The meniscus plays an important role in absorbing shock. If the entire meniscus or a large part of the meniscus is removed, the knee usually develops degenerative arthritis (osteoarthritis) within ten years. The articular cartilage that covers knee bones to help them glide over one another breaks down. Avoiding high-impact activities may slow down damage to the articular cartilage. Strengthening the muscles that support the knee, especially the quadriceps, help take stress off the knee joint and may also slow down the development of osteoarthritis.

Knee Fractures

Caused by a forceful blow to knee as in contact sports or a fall. Symptoms are knee pain, moderate to severe swelling, there may be an inability to walk or to withstand weight on leg and/or muscles going into spasms upon slightest movement of knee. X-ray can confirm fracture. Sometimes the knee being set in a splint or cast is enough. Whether or not surgery is required depends on the type of fracture.

Seek Immediate Medical Attention for Acute Knee Injuries. While waiting to see the doctor, to reduce swelling and pain apply ice immediately and leave on 15 - 20 minutes per hour. Elevate the knee above heart level if possible. Wrapping the knee in an ACE bandage (elastic bandage) provides compression and also helps limit swelling.
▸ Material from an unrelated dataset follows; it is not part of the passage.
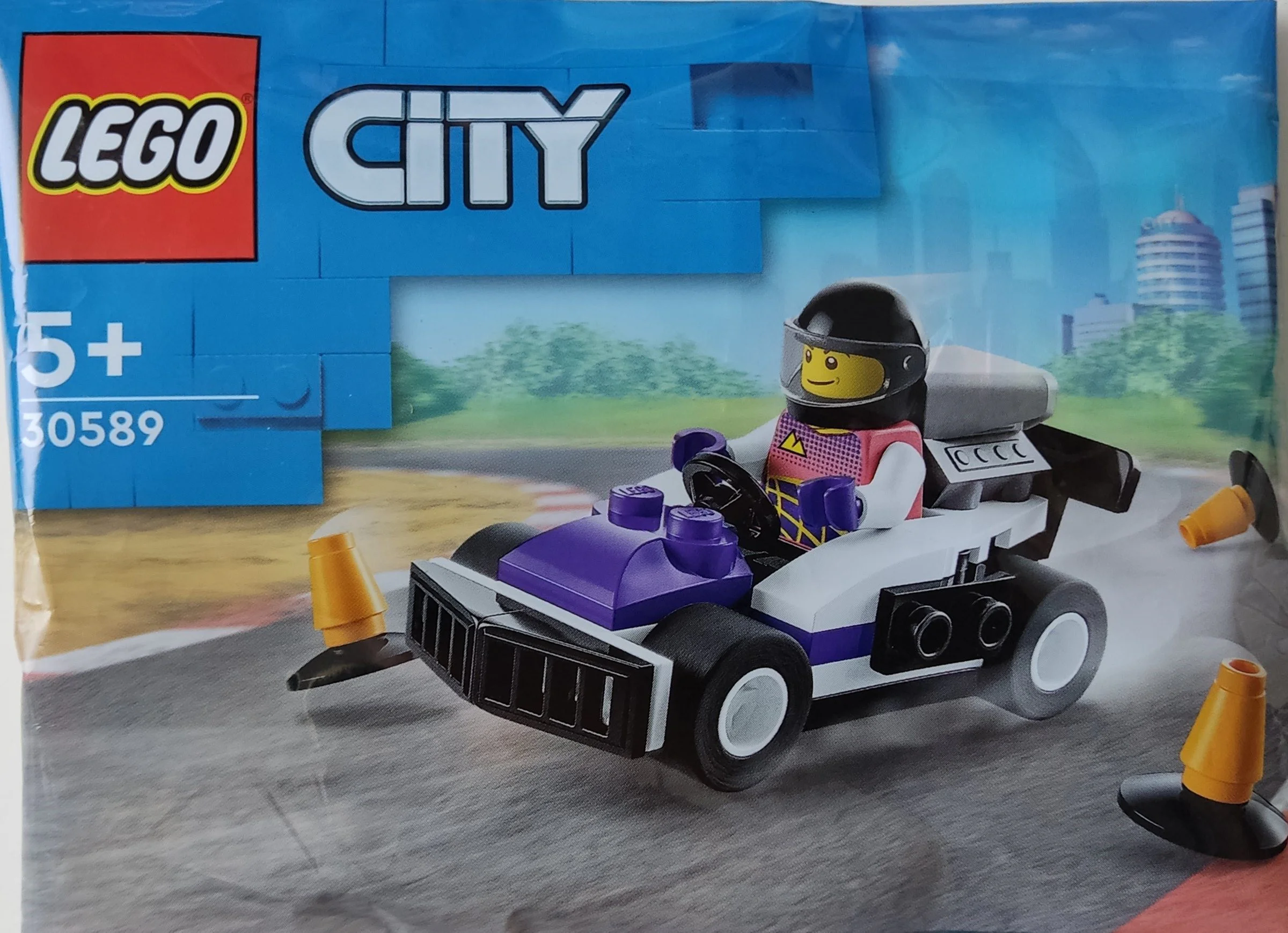 Cardin's driver 乐高 LEGO 30589 image 2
Ruptured Tendon (Torn Tendon)

Tendons attach muscle to bone. The quadriceps tendon and patellar tendon connect to form one continuous tendon that covers the patella (kneecap). The quadriceps tendon connects quad muscles to the patella; the patellar tendon connects the patella to the shinbone.

If the quadriceps contract forcefully and suddenly (as when trying to break a fall), the tendon may tear where it attaches to the bone (either above or below the kneecap).
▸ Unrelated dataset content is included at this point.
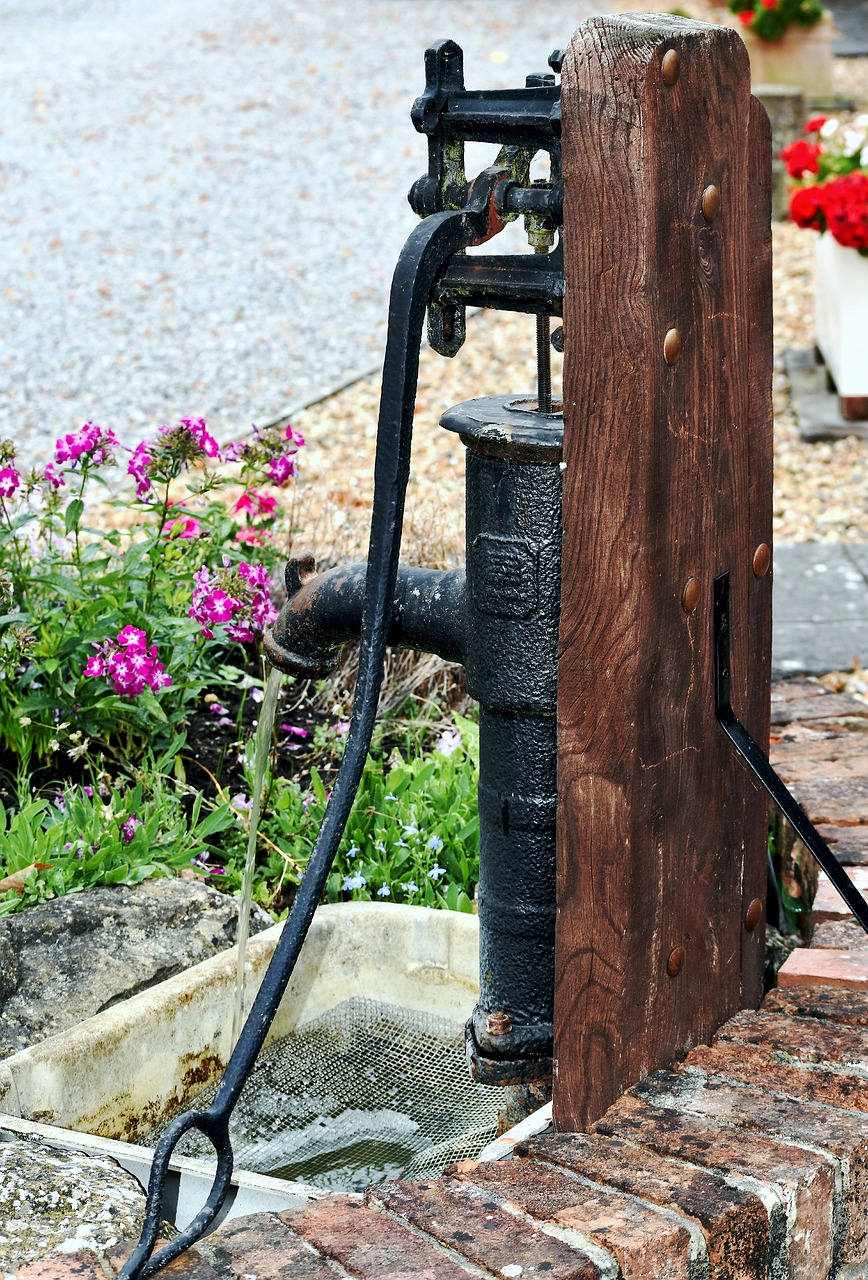 pump  water  hand free photo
If the tendon is completely torn, straightening the leg will be difficult (not just because of the pain).

A completely torn tendon can be surgically reattached. If the tendon is only partially torn, surgery may not be necessary. A cast is usually worn for several weeks. When the leg is immobilized, muscles and tendons weaken. Rehabilitative exercises help restore strength and flexibility to the knee/leg.

Seek Immediate Medical Attention for Acute Knee Injuries. While waiting to see the doctor, to reduce swelling and pain apply ice immediately and leave on 15 - 20 minutes per hour. Elevate the knee above heart level if possible. Wrapping the knee in an ACE bandage (elastic bandage) provides compression and also helps limit swelling.

Tendonitis is inflammation of a tendon. Tendonitis of the knee may be caused an acute injury but is more often caused by overuse.